Im Inneren des maroden Fabrikgebäudes laufen die Kupferkessel, in denen Nüsse, Rosinen und Cornflakes mit Schokolade dragiert werden, unterdessen auf Hochtouren. Erika Kuhn packt einen Stapel Kontrollzettel und schüttelt den Kopf. „Ich verstehe nicht, wie man in so einer Situation streiken kann, wo soviel Arbeit da ist“, sagt sie. Über vierzig Jahre ist die Vorarbeiterin jetzt bei Zetti. „Angefangen habe ich bei den Dragees, dann war ich in der Normung. Wir haben an den Maschinen und Bändern die Vorgaben festgelegt, wie schnell sie laufen.“ Nach der Wende kam die 59jährige wieder zu den Schoko-Dragees. Die Technik wurde aufgemöbelt. Doch statt des Aufschwungs erlebte Erika Kuhn eine schiefgelaufene Privatisierung durch die Treuhand. 1993 gaben die Alteigentümer auf, weil niemand die Süßigkeiten aus dem Osten gewollt habe, wie es hieß. Sechs Wochen war Erika Kuhn arbeitslos. Dann kam Goldeck. Jetzt, sagt sie, lägen Knusperflocken und andere Produkte aus Zeitz wieder gut im Rennen. „Da fangen wir an zu streiken!“ Erika Kuhn ist in Eile. Sie muß rüber zu den Bändern, wo neben den Saisonarbeitern auch Schülerinnen und Schüler die Weihnachts-Gelee-Früchte in Plasteschachteln zählen. Ein Auftrag von Halloren in Halle, wo fast schon Westtarif gezahlt werde. Erika Kuhn winkt ab: „Ist es nicht besser, eine schlecht bezahlte Arbeit zu haben, als zu Hause rumzusitzen?“ fragt sie. Niemand antwortet.

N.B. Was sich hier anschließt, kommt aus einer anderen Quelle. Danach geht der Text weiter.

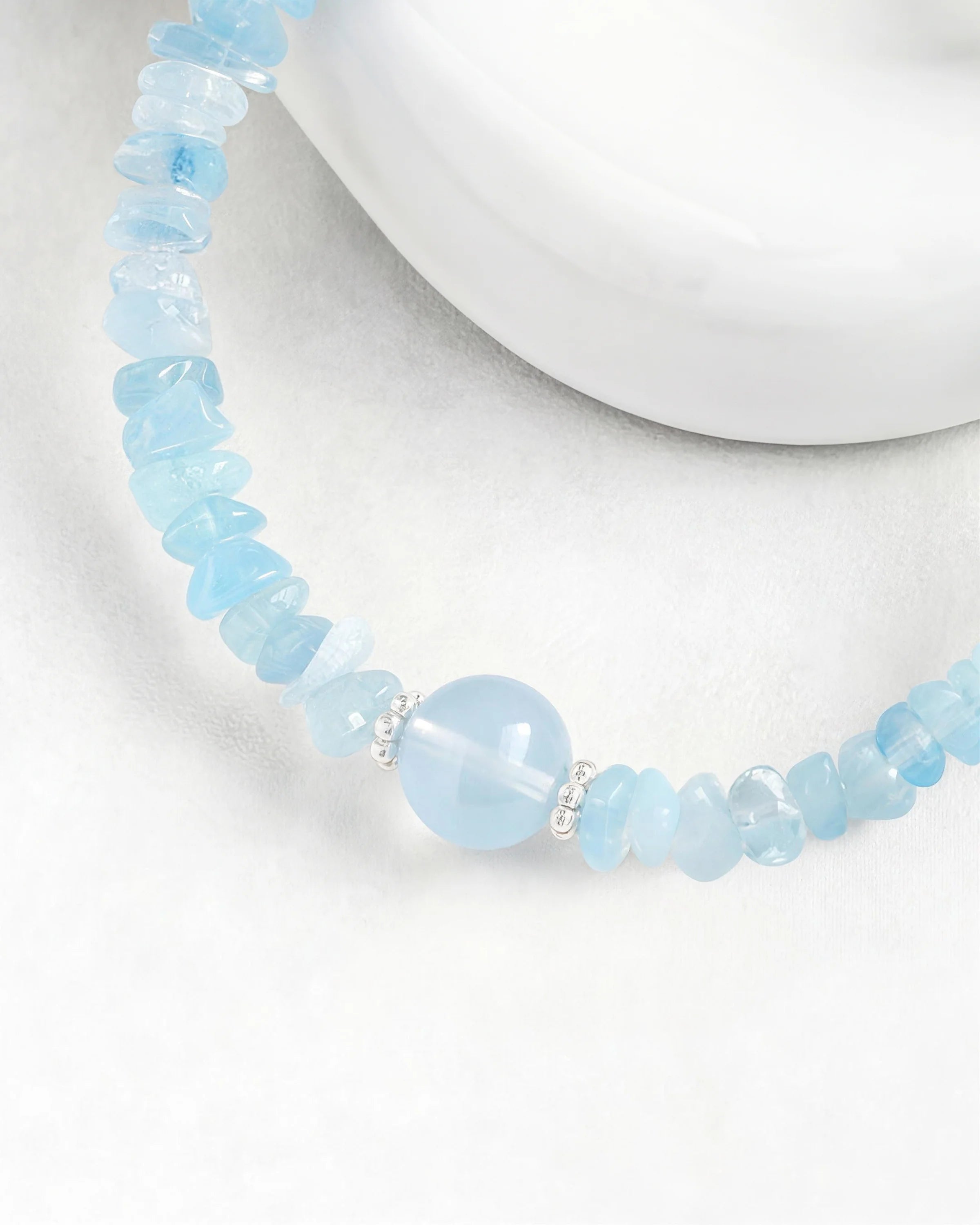 Aquamarine bead detail of Silver Freeform Chips Focal Bracelet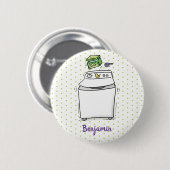 Cute wasmachine cartoon illustratie ronde button 5,7 cm (Voorkant /achterkant)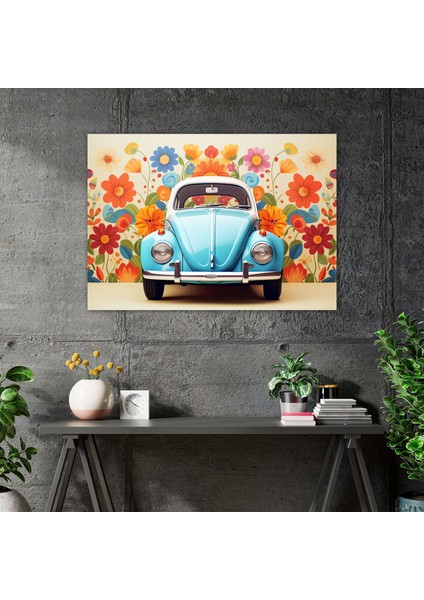 Volkswagen Beetle Duvar Tablosu - Volkswagen Beetle, Grafik Tasarım, Rengarenk Çiçekler, Retro Stil, 50X30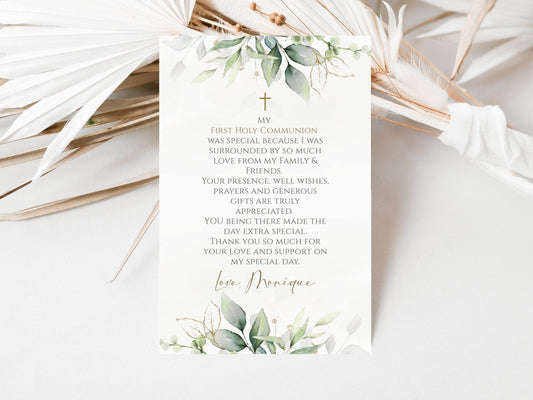 Printable First Holy Communion Thank You Card Template, 4x6 Editable Greenery Watercolor Thank You Note, Email Text Message, Instant Download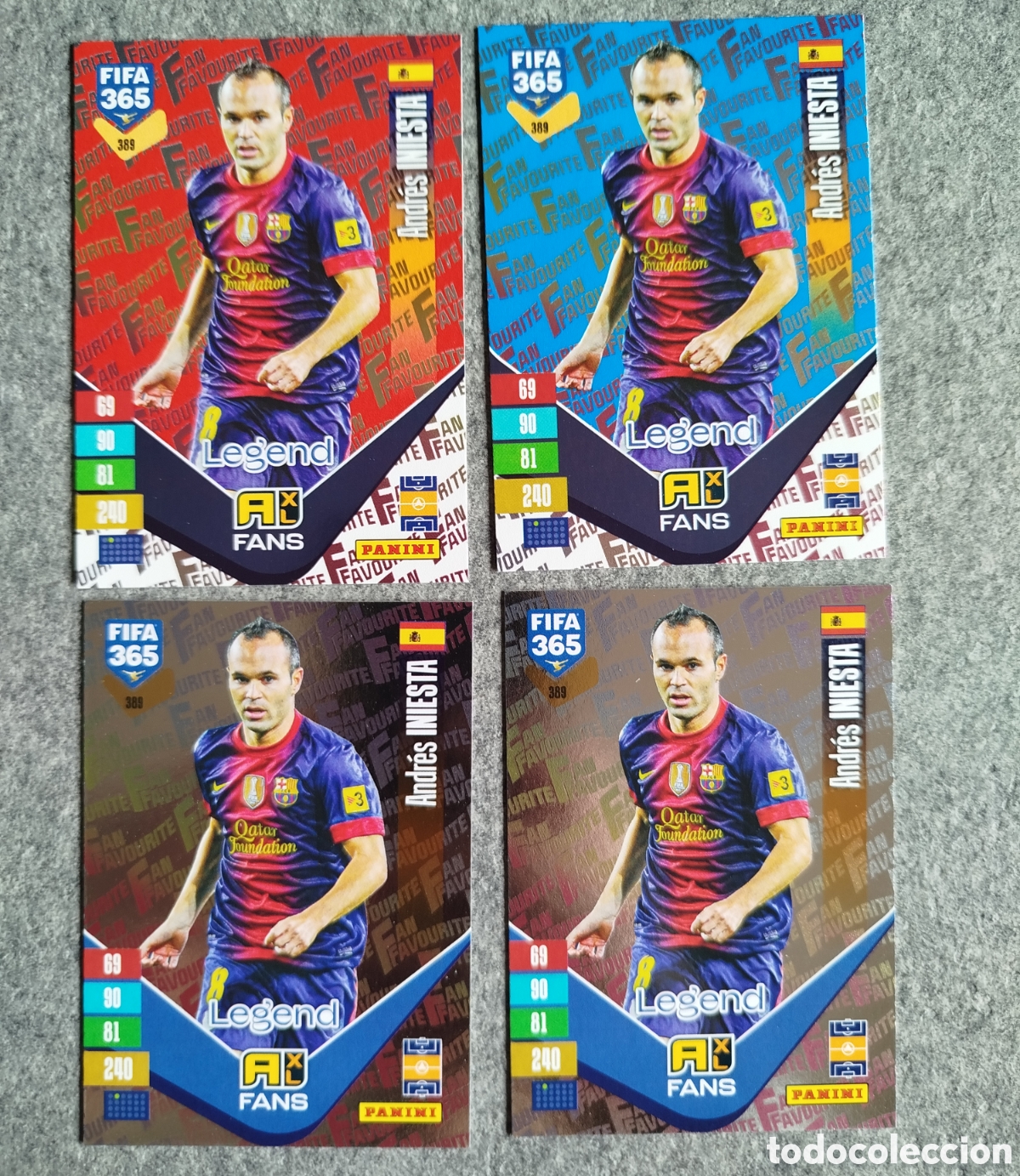 Cromos de f&uacute;tbol: LOTE INIESTA 3 VARIANTES FANS FC BARCELONA BAR&Ccedil;A ADRENALYN FIFA 365 2027 CROMOS CARDS PANINI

Nächstes Jahr geht Erika Kuhn in Rente. Viel sei es nicht, was sie bekommt, aber für einen „gemütlichen Lebensabend“ werde es wohl reichen. „Nur um die jungen Mädchen hier mache ich mir Sorgen. Die müssen noch 20, 30 Jahre arbeiten. Aber wo, wenn es Zetti nicht mehr gibt?“ Streiks, die hätten wohl früher was gebracht, in den alten Ländern. „Hier bringt das gar nichts.“ Unternehmer könnten in Polen produzieren lassen. Erika Kuhn weiß, daß Goldeck ab 1999 in einem Werksneubau, für den in Zeitz bereits 25 Millionen Mark investiert wurden, lediglich noch „Bambina“-Schokolade und „Knusperflocken“ herstellen wird. Nicht alle Zetti-Arbeiter werden dort unterkommen. Mehr will Erika Kuhn nicht sagen. Die am Markt schwer erkämpfte Weihnachts- und Osterproduktion einzustellen, anstatt den etwas über hundert Beschäftigten ein paar Mark mehr Lohn zu zahlen, was daran vernünftig sein soll? Erika Kuhn will nicht darüber nachdenken. Noch hat sie zuviel zu verlieren. Ihr Mann arbeitet auch in der Fabrik. Wie alle, die in den letzten vier Wochen pünktlich durch das Werkstor gingen, hat sie am Morgen unterschrieben, daß sie sich vom „Ausstand“ und dem am Streik beteiligten Betriebsrat distanziert. Auf dieser Liste stehen aber auch Kollegen, die krank oder im Urlaub sind, weiß Steffi Drescher, und das macht sie wütend. Wenn sich 98 Prozent der Belegschaft, so wie bei der Urabstimmung entschieden, am Streik beteiligt hätten, wäre das Problem längst vom Tisch. „Dann könnte auch niemand den Streik vorschieben, wenn hier plötzlich die Lichter ausgehen“, sagt sie leise.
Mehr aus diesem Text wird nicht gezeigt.